Multi-Level Narrative Evaluation Outperforms Lexical Features for Mental Health
For computational psychiatry and narrative analysis, this work provides a theoretically grounded framework that identifies macro-structural organization as the primary locus of clinical signal, offering testable hypotheses for intervention design.
The paper introduces a three-level narrative evaluation framework (micro-lexical, meso-embedding, macro-LLM) and shows that macro-level evaluation substantially outperforms lexical and embedding features for mental health prediction across 830 Chinese therapeutic texts, challenging the field's emphasis on word-counting.

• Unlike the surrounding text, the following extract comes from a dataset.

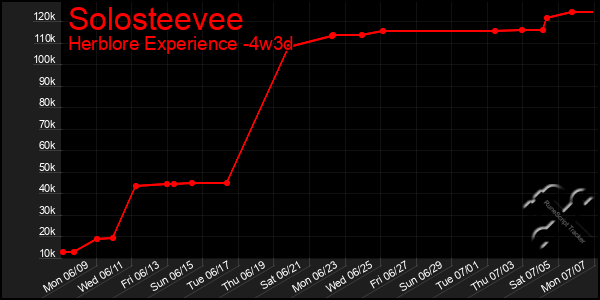 Last 31 Days Graph of Solosteevee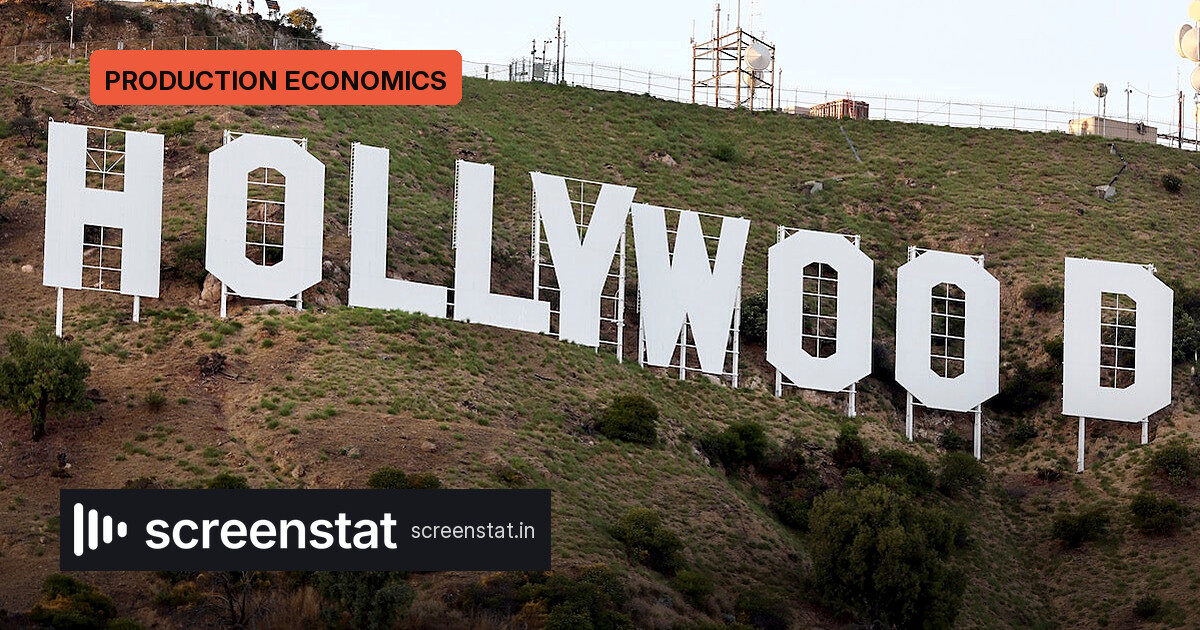 Hollywood US Film Spend Falls to 42%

How people narrate their experiences offers a window into how the mind organizes them. Computational approaches to therapeutic writing have evolved from lexical counting to neural methods, yet remain fragmented: dictionary tools miss discourse structure, while embeddings conflate local coherence with global organization. No existing framework maps these techniques onto the hierarchical processes through which narratives are constructed. Here we introduce a three-level framework - micro-level lexical features, meso-level semantic embeddings, and macro-level LLM narrative evaluation - and show, across 830 Chinese therapeutic texts spanning depression, anxiety, and trauma, that macro-level evaluation substantially outperforms lexical and embedding features for mental health prediction. This challenges the field's emphasis on word-counting: formal structural features (Labov's story grammar, RST coherence, propositional composition) demonstrate that narrative organization per se carries predictive signal, while clinically-grounded narrative dimensions capture how psychological states are expressed through discourse. Semantic embeddings add minimal independent value but yield incremental gains in multi-level classification. By grounding computational levels in discourse processing theory, this framework identifies macro-structural organization as the primary locus of clinical signal and generates testable hypotheses for intervention design and longitudinal research.